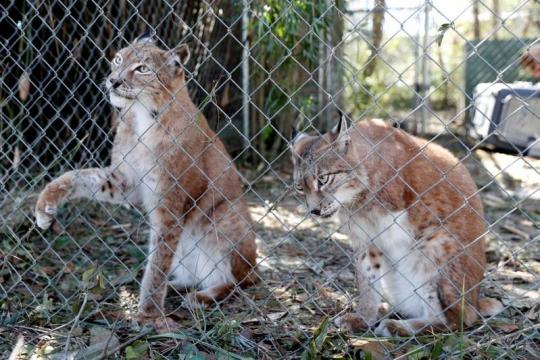 Florida wild cat sanctuary caught in hurricane's path
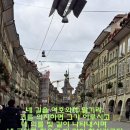 노아앵무새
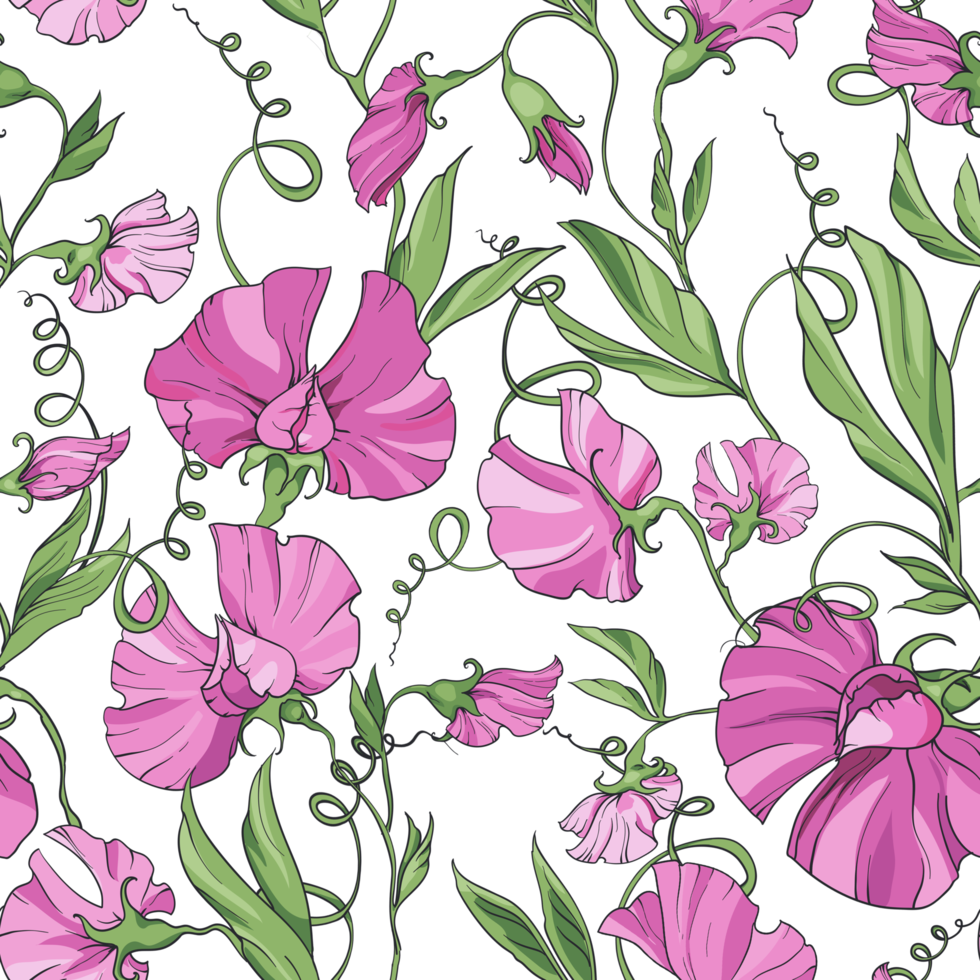 Pink flowers sweet pea , floral seamless pattern. Pattern for fabric, wrapping paper, web pages, invitations, cards png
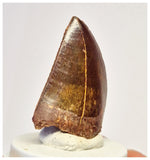 1390 - Gem Grade Carcharodontosaurus saharicus Dinosaur Tooth KemKem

- **Exercise brief**
Restate the listing word for word. Pictures do not belong in the copy.

- **Exercise solution**
 Florida wild cat sanctuary caught in hurricane's path
 노아앵무새
 Pink flowers sweet pea , floral seamless pattern. Pattern for fabric, wrapping paper, web pages, invitations, cards png
 1390 - Gem Grade Carcharodontosaurus saharicus Dinosaur Tooth KemKem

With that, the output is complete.